To help pay for the PERS rate increase, to maintain the retiree healthcare fund and to meet other budgetary challenges outlined by Farfsing, during the past several months city officials have conducted meetings with SHEA representatives in hopes of obtaining some concessions, including a salary freeze, from the employee union. The negotiations pertain to the contract known as a memorandum of understanding (MOU) that the city has with the union.
“Seven negotiation sessions have been held to negotiate a successor MOU,” Honeycutt said. “However, SHEA’s objections to the city’s proposal for employees to contribute to the PERS rate increases, to assist in the prefunding of retiree medical benefits, and to the salary freeze has led to the city declaring an impasse.”
Honeycutt added that the city offered state mediation in an effort to break the impasse, but SHEA rejected that offer. “Therefore staff recommends that the city council adopt a resolution imposing a successor MOU between the city and SHEA,” Honeycutt said. “This MOU would be in place until December 31, 2010.”

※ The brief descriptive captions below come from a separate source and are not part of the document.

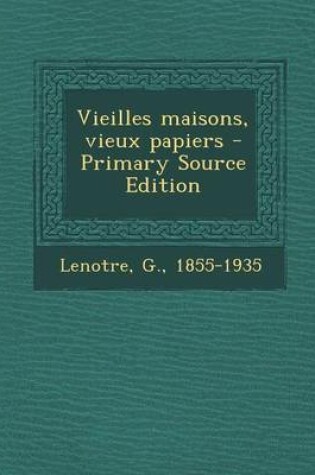 Cover of Vieilles Maisons, Vieux Papiers - Primary Source Edition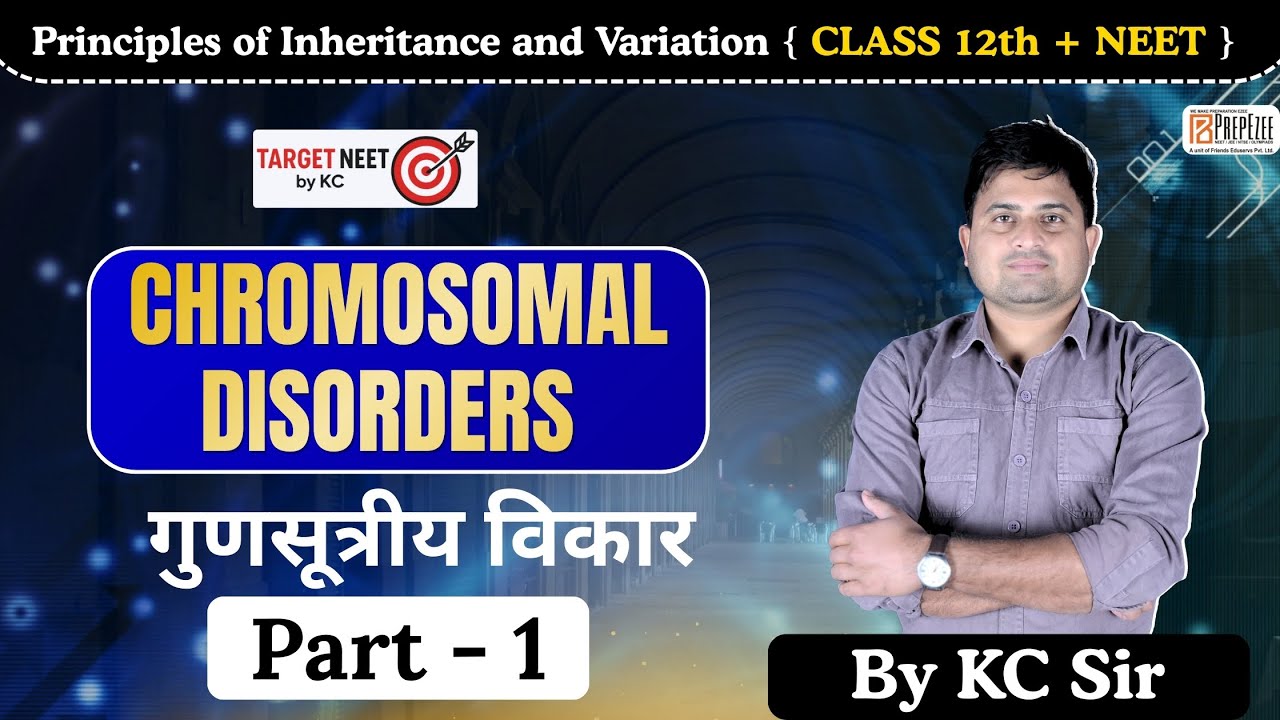 Chromosomal Disorders # Part - 1 # A  Genetics topic # simply Exp. # class 12th + NEET # By KC Sir 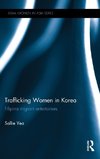 Yea, S: Trafficking Women in Korea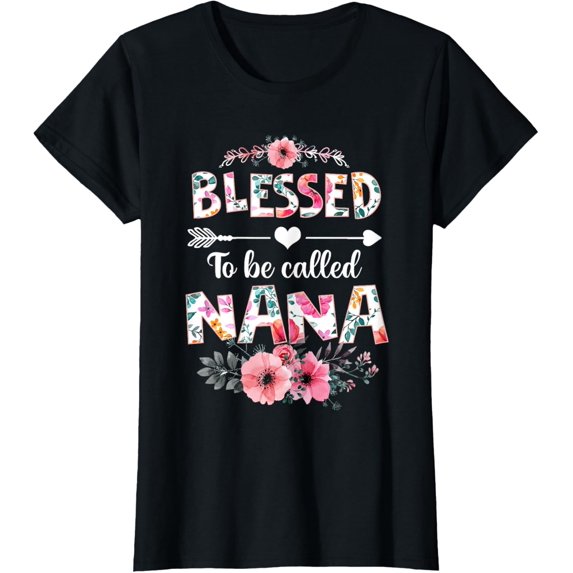 Blessed to be called Nana Shirt Funny Nana Mother's Day T-ShirtMen and women, Black T-shirt, size: Extra large S-4XL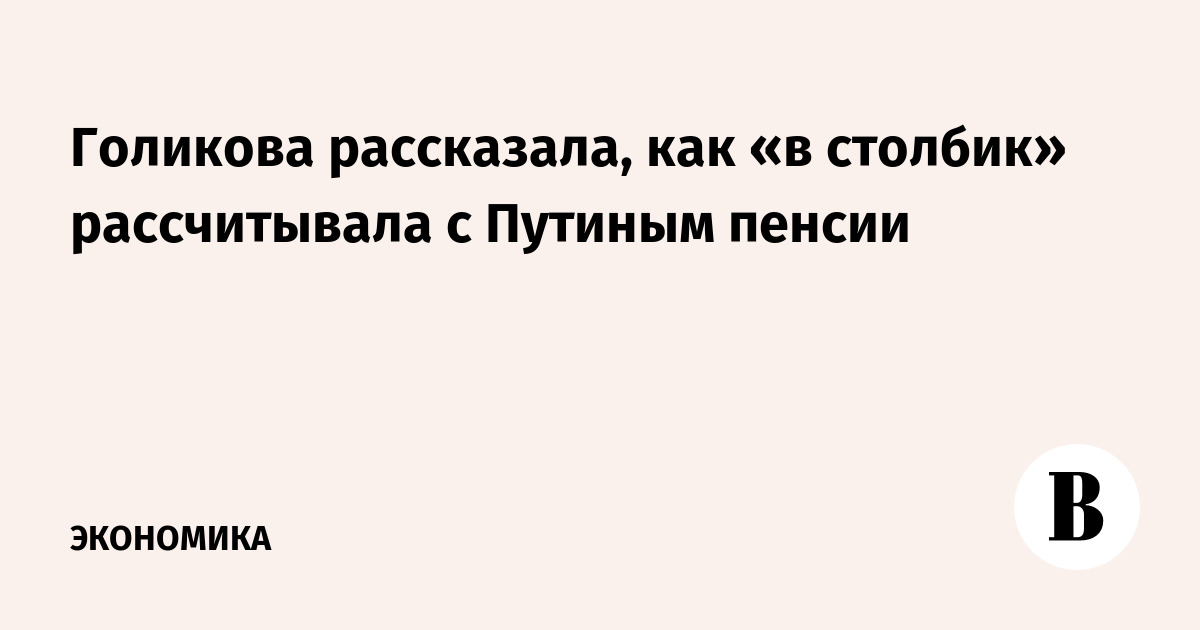 Голикова рассказала, как «в столбик» рассчитывала с Путиным пенсии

After Honeycutt’s presentation, Nahin, who represents SHEA under a contract with her company, City Employee Associates, stepped up to the microphone. She urged the council to not impose an MOU on SHEA, and to instead direct city staff to return to the negotiating table. Nahin complained that SHEA was willing to make concessions to the city and had offered other cost-reducing measures that would have resulted in bigger savings to the city, but city officials rejected those measures without seriously considering them.

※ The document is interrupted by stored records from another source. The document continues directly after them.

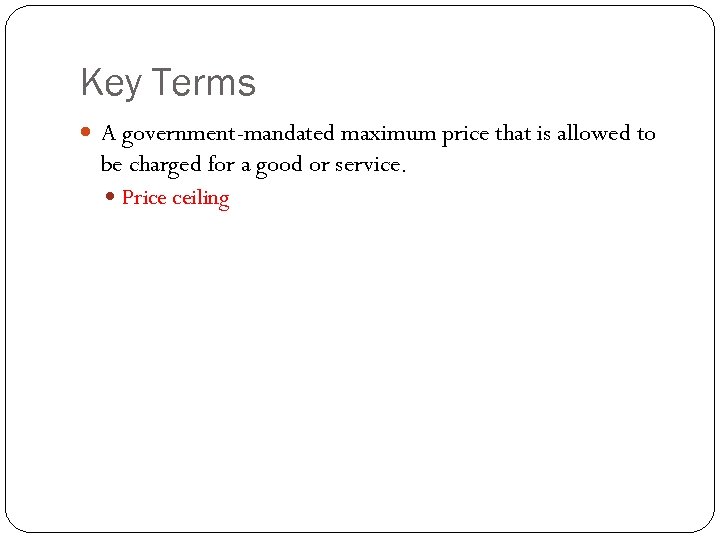 Key Terms A government-mandated maximum price that is allowed to be charged for a
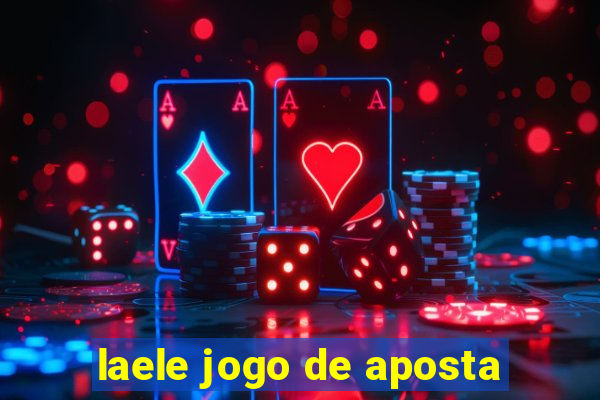 laele jogo de aposta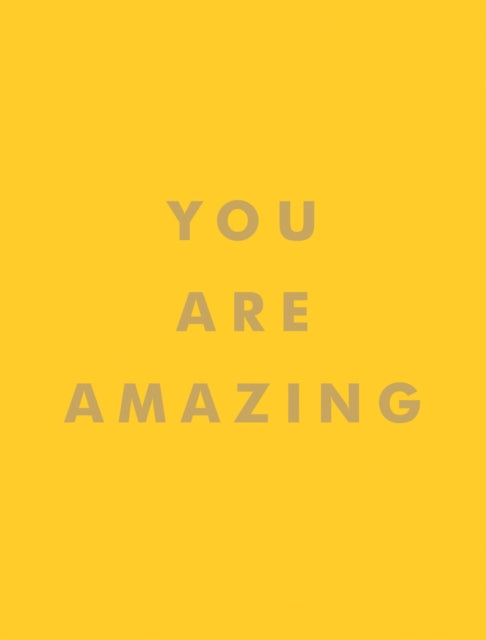 You Are Amazing: Uplifting Quotes to Boost Your Mood and Brighten Your Day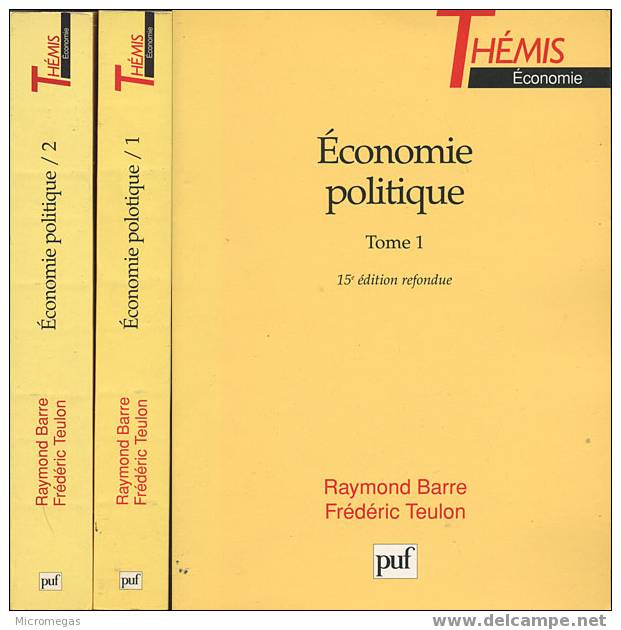 Raymond Barre, Trédéric Teulon : Economie Politique - Recht
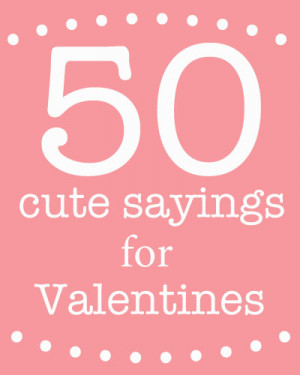 Cute sayings for Valentine’s Day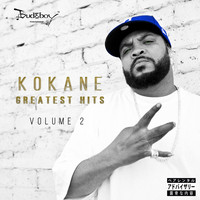 Kokane - Kokane Greatest Hits, Vol 2 (Explicit)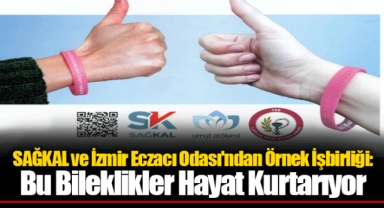 SAĞKAL ve İzmir Eczacı Odası'ndan Örnek İşbirliği: Bu Bileklikler Hayat Kurtarıyor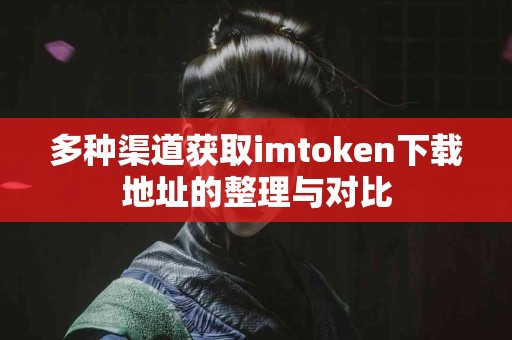 多种渠道获取imtoken下载地址的整理与对比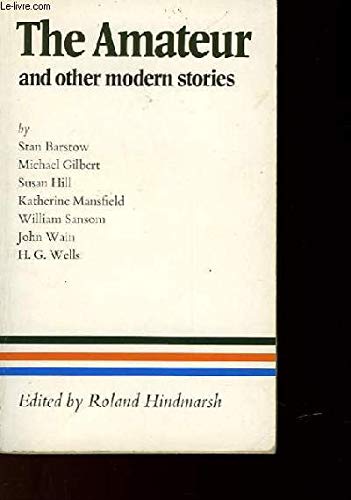 The Amateur: And Other Modern Stories Foreign Languages ​​& Dictionaries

Nahin also argued that the proposed MOU would result in economic hardship for most city employees, and the city lacked the legal authority to impose it on SHEA. She also warned that imposing it would result in a legal challenge that would cost the city more than the money it was hoping to save by imposing it.

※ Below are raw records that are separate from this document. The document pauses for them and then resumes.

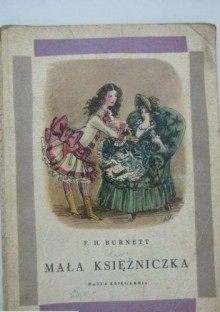 Mała Księżniczka - Frances Hodgson Burnett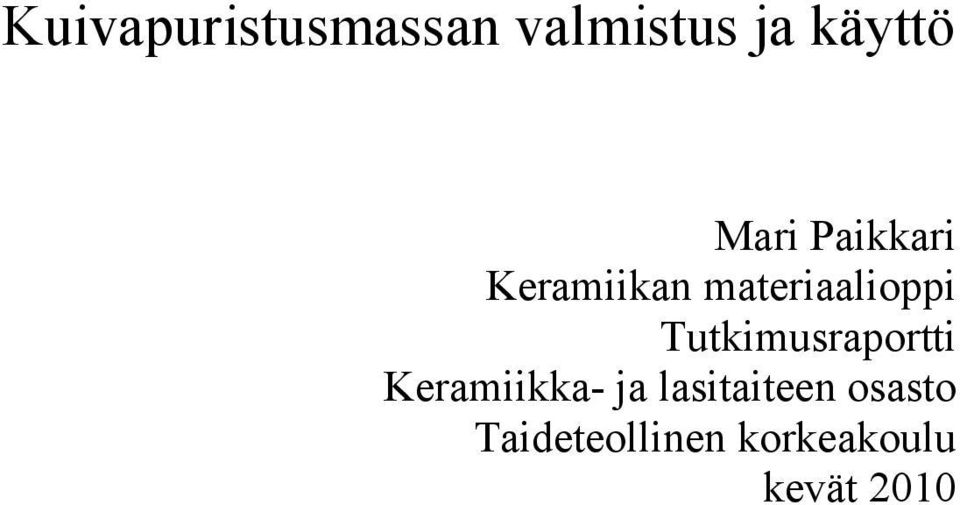 Tutkimusraportti Keramiikka- ja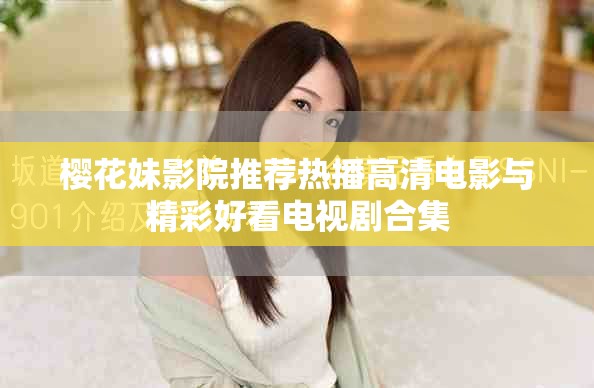 樱花妹影院推荐热播高清电影与精彩好看电视剧合集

As the discussion drew to a close, Councilwoman Tina Hansen explained that, although it pained her to have to impose the MOU, as an elected official her primary responsibility was to the residents of Signal Hill, and due to all the reasons outlined by Farfsing and Honeycutt, imposing the MOU was the only viable option. “I know this is hard, and for many of you this appears devastating,” she told the city employees in the council chambers, but she explained that many city governments are taking much more severe measures.
The other council members echoed Hansen’s comments. Councilman Mike Noll added that city officials had carefully looked at all of SHEA’s offers but determined that the measures spelled out in the MOU were the most efficient and reliable way for the city to meet its obligations.
Mayor Ed Wilson noted that it was only after much study that he decided to
support the staff’s recommendation. “You guys do an outstanding job,” he
told the employees, adding that he understood the council decision would
temporarily damage employee morale. “But morale is worse when there are
layoffs,” he added. “We have to plan three years out.” He explained that by
planning in advance for economic contingencies the city is able to avoid
layoffs and the employees can depend on getting regular paychecks. Wilson also stressed that, due to the city’s precarious economic condition, time is of the essence and cost savings have to be implemented immediately. “It’s
important for us to move forward and everyone at the table knew or should have known what the city’s financial situation is,” he said. The imposed contract requires city employees to contribute the equivalent of 40 hours of pay per year to the PERS program and one percent of their salary per year to the retiree healthcare fund.
After the vote, Councilman Larry Forester said, “I have been 11 years on this council, and this is the hardest meeting I have ever had.”
Later, on the steps of City Hall, Nahin said she would be filing a complaint with the California Public Employees Relations Board. “This wasn’t about money,” she said. “This was about the city not taking the proposals of the employee association seriously.”
The next meeting of the city council is scheduled for 7pm, April 20 in the council chambers of Signal Hill City Hall.